Page:Barry - Chroniques du lundi, 1900.djvu/43

Le texte de cette page a été corrigé et est conforme au fac-similé.

Naturellement, le partage était égal.

Zizitte, dont la vive imagination venait d’être enflammée par des récits mirobolants des beautés de l’ancien monde, ne désirait pas plus que s’embarquer au plus vite, voir par elle-même, les merveilles de Paris, gravir les cîmes neigeuses et accidentées de la Suisse, promener ses illusions sur le Rhin, soupirer sur les bords de l’Adriatique, baiser la poussière sacrée des catacombes… Que sais-je encore ?

Je ne manquai pas de lui représenter tout ce que ce projet avait d’insensé.

— Voyons, lui dis-je, raisonne un peu : Cinq cents dollars, c’est une jolie somme, sans doute, mais conviens qu’avec cela on ne peut voyager bien loin. Et ton excursion terminée, que te restera-t-il ? Moi, je suggère autre chose. Par exemple, est-ce que cela ne te sourirait pas d’acheter une propriété avec notre argent ? Ça, vois-tu, c’est positif, c’est palpable. Ça durera, même plus longtemps que nous. Je t’avouerai que posséder un immeuble a toujours été un de mes plus chers désirs.

— À mon tour, reprit vivement mon amie. Comment peux-tu acheter quelque chose qui vaille, même au prix de mille dollars ? L’idée est vraiment absurde.

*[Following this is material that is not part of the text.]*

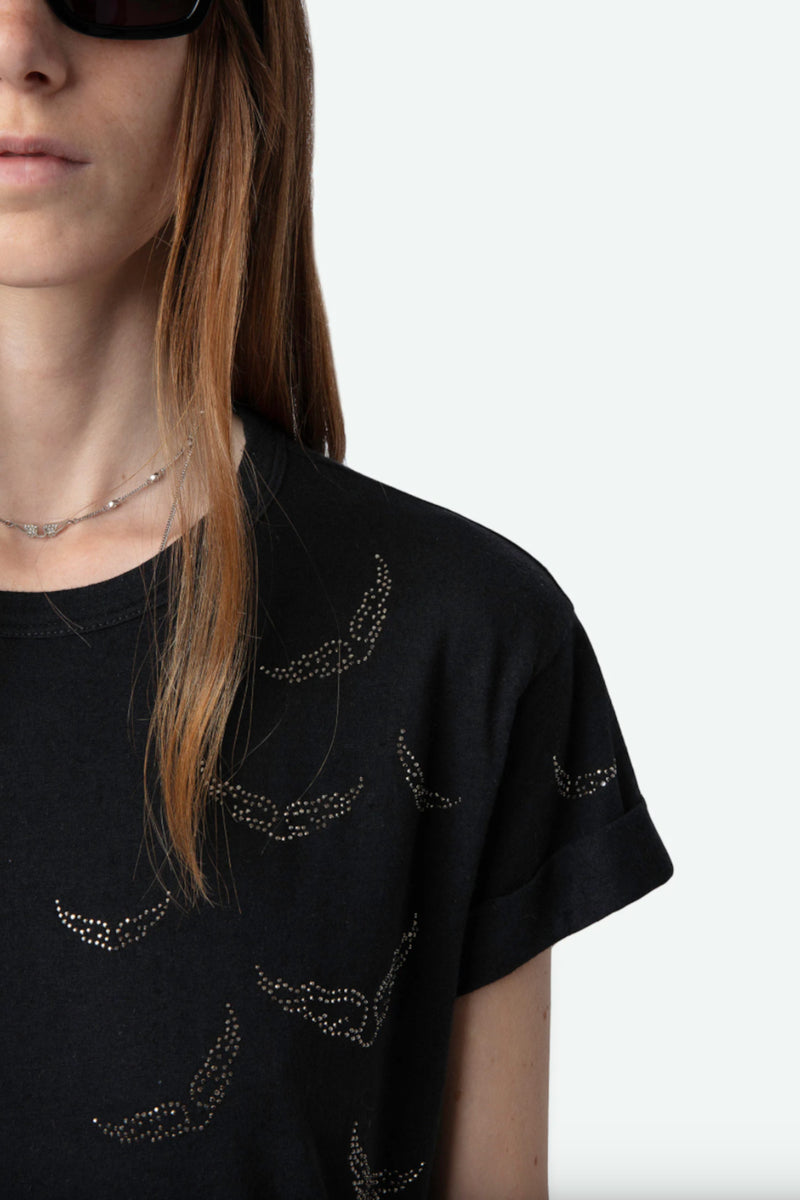 Anya Rain Strass Wings T-Shirt Stone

— Je le crois bien. Aussi ce n’est pas avec le produit d’un unique tirage que je propose de faire cette acquisition, mais avec celui de plusieurs. Puisque la chance nous a favorisées, pourquoi nous abandonnerait-elle après un si beau début. Je suis certaine de compléter la somme qui me manque dans les autres tirages qui doivent suivre.

— Alors, comme nous sommes de moitié dans les profits, je puis espérer autant que toi. Ce qui nous permettra à toutes deux d’effectuer chacune notre profit.

C’était juste et je n’avais rien à dire. Zizitte pourrait donc traverser les océans, et j’aurais pignon sur rue.